DIRECTIONS FOR THIS TASK
Across the following data, how many lines include the string "frontales"? Reply with the number and nothing more.

INFORMATION
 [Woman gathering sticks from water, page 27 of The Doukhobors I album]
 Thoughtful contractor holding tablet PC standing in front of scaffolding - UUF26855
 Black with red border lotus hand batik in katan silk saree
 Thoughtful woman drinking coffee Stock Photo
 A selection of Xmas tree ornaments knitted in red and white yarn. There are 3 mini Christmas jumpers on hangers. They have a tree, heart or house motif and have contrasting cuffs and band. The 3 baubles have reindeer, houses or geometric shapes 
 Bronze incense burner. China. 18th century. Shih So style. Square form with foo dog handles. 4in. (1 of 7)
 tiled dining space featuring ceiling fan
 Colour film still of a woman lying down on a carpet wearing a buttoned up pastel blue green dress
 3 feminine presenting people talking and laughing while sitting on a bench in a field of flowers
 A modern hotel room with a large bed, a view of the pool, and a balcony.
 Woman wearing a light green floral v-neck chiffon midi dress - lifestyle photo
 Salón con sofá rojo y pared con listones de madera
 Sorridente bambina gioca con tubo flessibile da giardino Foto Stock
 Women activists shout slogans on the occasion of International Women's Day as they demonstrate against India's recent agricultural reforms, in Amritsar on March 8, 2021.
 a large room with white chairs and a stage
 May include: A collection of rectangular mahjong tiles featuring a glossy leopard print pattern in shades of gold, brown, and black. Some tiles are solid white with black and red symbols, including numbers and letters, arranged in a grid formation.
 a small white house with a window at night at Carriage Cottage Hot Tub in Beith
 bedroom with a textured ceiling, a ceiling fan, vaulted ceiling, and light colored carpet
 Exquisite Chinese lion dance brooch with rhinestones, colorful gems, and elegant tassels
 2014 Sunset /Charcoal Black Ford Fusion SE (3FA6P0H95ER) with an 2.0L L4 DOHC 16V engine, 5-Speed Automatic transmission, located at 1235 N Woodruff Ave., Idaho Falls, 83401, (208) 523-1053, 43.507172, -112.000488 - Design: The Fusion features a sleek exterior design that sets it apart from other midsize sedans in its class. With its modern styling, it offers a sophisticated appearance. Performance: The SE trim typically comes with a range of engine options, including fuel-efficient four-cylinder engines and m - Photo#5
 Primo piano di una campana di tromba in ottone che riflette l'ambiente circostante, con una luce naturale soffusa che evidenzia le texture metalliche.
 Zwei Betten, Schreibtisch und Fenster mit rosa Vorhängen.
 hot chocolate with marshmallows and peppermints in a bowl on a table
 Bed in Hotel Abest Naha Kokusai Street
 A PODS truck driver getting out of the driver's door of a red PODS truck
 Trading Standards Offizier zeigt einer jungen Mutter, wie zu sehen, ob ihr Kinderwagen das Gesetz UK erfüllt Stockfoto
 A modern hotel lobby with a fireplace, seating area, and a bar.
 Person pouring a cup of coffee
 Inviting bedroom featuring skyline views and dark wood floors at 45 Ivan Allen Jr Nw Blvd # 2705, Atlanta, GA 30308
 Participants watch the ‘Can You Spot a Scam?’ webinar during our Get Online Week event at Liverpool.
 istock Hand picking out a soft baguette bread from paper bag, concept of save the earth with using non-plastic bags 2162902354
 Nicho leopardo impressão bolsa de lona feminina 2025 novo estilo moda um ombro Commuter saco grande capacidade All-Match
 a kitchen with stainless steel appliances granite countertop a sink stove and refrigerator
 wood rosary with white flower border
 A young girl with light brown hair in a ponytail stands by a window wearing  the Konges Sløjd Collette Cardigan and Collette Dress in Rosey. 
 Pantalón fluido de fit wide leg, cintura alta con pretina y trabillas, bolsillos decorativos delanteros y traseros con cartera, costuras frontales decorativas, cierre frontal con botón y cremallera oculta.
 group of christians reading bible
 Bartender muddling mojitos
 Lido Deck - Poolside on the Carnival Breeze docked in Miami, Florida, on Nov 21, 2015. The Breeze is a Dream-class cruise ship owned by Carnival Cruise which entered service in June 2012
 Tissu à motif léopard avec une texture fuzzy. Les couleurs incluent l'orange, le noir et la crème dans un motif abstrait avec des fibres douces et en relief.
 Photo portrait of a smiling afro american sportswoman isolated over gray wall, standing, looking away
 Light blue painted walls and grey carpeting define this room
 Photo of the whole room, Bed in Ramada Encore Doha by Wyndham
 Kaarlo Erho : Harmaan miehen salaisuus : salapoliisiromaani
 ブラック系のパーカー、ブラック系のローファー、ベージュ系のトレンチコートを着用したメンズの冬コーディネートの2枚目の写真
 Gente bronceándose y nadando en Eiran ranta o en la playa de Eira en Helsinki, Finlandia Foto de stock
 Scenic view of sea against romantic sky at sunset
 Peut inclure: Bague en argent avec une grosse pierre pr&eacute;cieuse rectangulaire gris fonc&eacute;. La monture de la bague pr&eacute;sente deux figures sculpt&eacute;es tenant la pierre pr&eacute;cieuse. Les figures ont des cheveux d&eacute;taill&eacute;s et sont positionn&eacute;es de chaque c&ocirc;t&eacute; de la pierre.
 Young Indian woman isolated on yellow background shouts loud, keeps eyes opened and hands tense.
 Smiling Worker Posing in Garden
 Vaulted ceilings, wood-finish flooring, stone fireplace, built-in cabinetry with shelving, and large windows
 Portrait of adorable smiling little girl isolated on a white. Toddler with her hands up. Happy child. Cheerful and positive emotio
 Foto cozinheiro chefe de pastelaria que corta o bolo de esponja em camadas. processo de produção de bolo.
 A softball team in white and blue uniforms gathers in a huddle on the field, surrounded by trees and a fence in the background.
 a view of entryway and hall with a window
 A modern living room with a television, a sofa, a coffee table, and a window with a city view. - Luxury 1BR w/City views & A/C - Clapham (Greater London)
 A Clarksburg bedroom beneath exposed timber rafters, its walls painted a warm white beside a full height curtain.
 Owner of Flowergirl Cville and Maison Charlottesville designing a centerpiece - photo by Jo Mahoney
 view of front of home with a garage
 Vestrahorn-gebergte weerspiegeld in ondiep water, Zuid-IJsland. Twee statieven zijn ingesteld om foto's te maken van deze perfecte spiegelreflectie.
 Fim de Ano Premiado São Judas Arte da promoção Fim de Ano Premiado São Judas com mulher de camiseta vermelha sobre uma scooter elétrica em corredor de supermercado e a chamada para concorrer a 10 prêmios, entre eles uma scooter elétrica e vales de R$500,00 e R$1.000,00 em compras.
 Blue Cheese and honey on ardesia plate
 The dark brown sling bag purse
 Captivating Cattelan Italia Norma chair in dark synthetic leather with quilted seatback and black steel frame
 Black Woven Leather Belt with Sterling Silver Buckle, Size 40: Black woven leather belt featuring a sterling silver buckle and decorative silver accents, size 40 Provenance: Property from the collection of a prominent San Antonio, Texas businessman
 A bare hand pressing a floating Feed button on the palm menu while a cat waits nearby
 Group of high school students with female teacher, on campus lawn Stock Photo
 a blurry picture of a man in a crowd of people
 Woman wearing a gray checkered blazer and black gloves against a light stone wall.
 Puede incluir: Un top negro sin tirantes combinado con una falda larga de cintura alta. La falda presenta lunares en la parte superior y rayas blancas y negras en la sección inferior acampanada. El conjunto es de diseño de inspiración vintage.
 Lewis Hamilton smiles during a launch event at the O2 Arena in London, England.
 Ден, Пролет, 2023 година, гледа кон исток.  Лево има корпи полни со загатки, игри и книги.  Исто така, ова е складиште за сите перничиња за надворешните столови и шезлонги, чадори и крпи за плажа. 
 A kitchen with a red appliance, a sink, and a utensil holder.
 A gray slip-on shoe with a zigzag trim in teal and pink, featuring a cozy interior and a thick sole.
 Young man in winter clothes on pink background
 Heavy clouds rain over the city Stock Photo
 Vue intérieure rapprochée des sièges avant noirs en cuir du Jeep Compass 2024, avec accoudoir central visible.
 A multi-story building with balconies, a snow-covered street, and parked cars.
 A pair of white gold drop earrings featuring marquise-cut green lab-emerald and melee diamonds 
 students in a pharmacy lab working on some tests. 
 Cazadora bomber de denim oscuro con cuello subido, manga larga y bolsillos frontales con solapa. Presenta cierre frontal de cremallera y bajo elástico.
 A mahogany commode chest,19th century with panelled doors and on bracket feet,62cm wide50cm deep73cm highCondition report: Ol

ANSWER TO THIS PROBLEM
2